(Beginning of PROVIDED DATA)

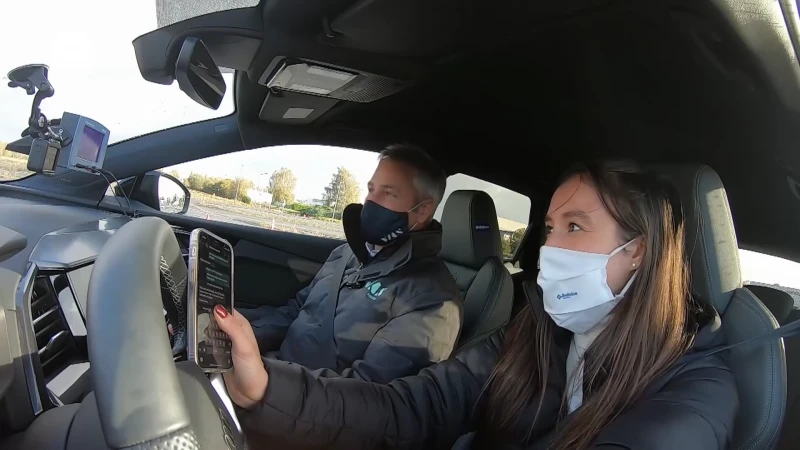 Wie gsm't achter het stuur is rijbewijs 8 dagen kwijt in Limburg
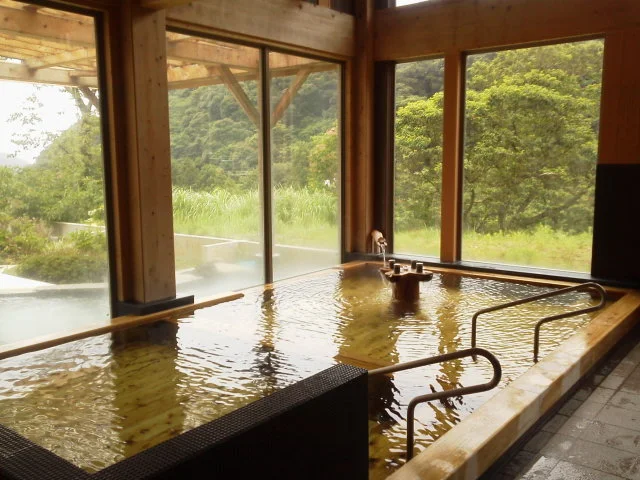 飲泉・自家源泉かけ流しの秘湯 観音温泉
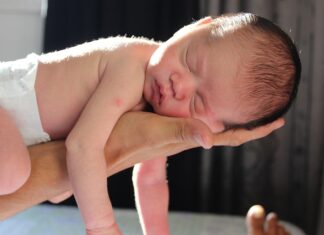 Ile razy można naładować telefon z akumulatora samochodowego?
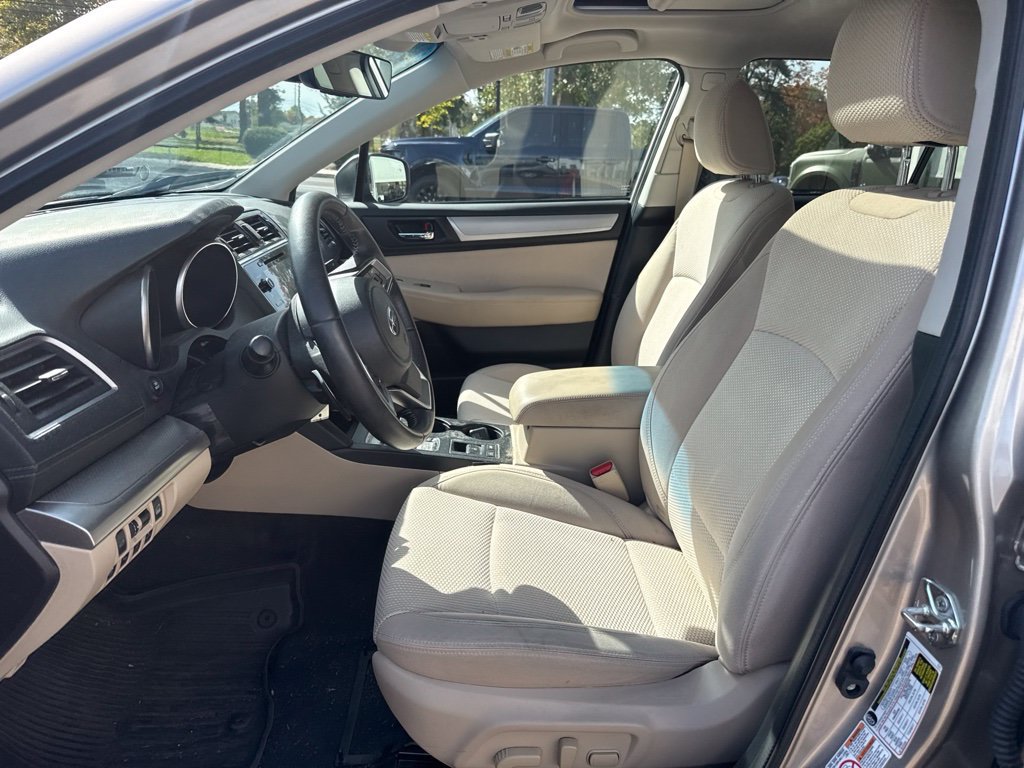 Used 2019 Subaru Outback 2.5i Premium AWD/4WD image 6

(End of PROVIDED DATA)

§ ACTIVITY: Set aside the pictures. Then return every line of the material above verbatim.

§ TASK RESULT:
 Wie gsm't achter het stuur is rijbewijs 8 dagen kwijt in Limburg
 飲泉・自家源泉かけ流しの秘湯 観音温泉
 Ile razy można naładować telefon z akumulatora samochodowego?
 Used 2019 Subaru Outback 2.5i Premium AWD/4WD image 6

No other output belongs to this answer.